If you read ArabLit, you’re probably here for news of Arabic literature, or fresh literary voices, or chitter-chatter about Arabic-English translation. Does M. Lynx Qualey, the person behind this blog, really have three small children? Did she move to Cairo in August 2001? Does she drive slowly and cough violently at second-hand smoke? Well, yes. Does it matter? Not really.
After all, this blog is not about M. Lynx Qualey. It’s about Arab and Arabic literatures, and thus honesty of critique matters far more than veracity of biographical detail.

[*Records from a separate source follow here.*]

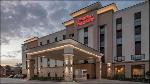 Montasia Of Plano Texas Hotels - Hampton Inn By Hilton And Suites Dallas/Plano Central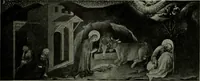 Picture 29 of 254 from L'art religieux de la fin du Moyen Age en France : étude sur l'iconographie du Moyen Age et sur ses sources d'inspiration (1922), leaf 70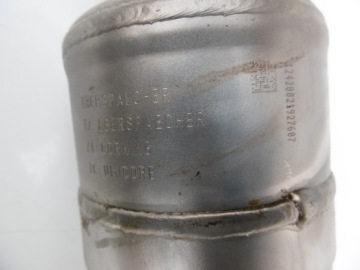 КАТАЛИТИЧЕСКИЙ A1664903914 MERCEDES W166 GL ML 4.7 V8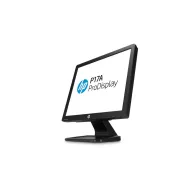 Monitor HP ProDisplay P17A F4M97AA, 17", 1280x1024 (SXGA), 60Hz, 5:4, TN, 5 ms, Czarny | Sklep ITnes.pl, IT for BUSINESS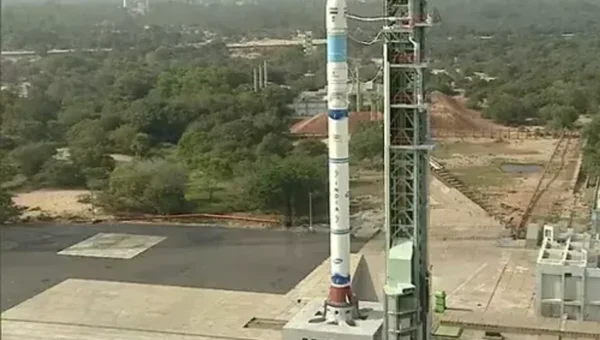 ISRO એ તેનું સૌથી નાનું રોકેટ SSLV-D2 લોન્ચ કર્યું, જાણો તેના વિશે.!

Yet with some blogs, biographical detail does matter. With some, it matters deeply. This is particularly the case when biographical details motivate not just real-world sympathies, but real-world actions. In the world of blogs, a bisexual female who writes of being a rape survivor sometimes turns out to be a middle-aged man, and those who extended their sympathy and support feel betrayed. In the world of books, sometimes a writer who says he’s been kidnapped by the Taliban and asks the masses to donate to his causes, well, you know.
So if a talented poet-blogger (or a blogger’s cousin) says she’s been kidnapped by the Syrian government and unjustly imprisoned, like so many others? And if there is no real verification outside the world of that blog? You want and don’t want it to be true.
Certainly, we are all inventing ourselves. In a sense, sure, everything that’s out there is fiction. Humans are always telling stories about ourselves; that’s how we thread a singular “I” through our lives. And yet I’d be lying if I claimed not to have a strong visceral reaction to the feeling that I’ve been fooled.
So, even though I don’t like sharing personal information, this felt like a day to out myself. I believe this is the only piece of memoir I’ve written although that, I suppose, could be wrong.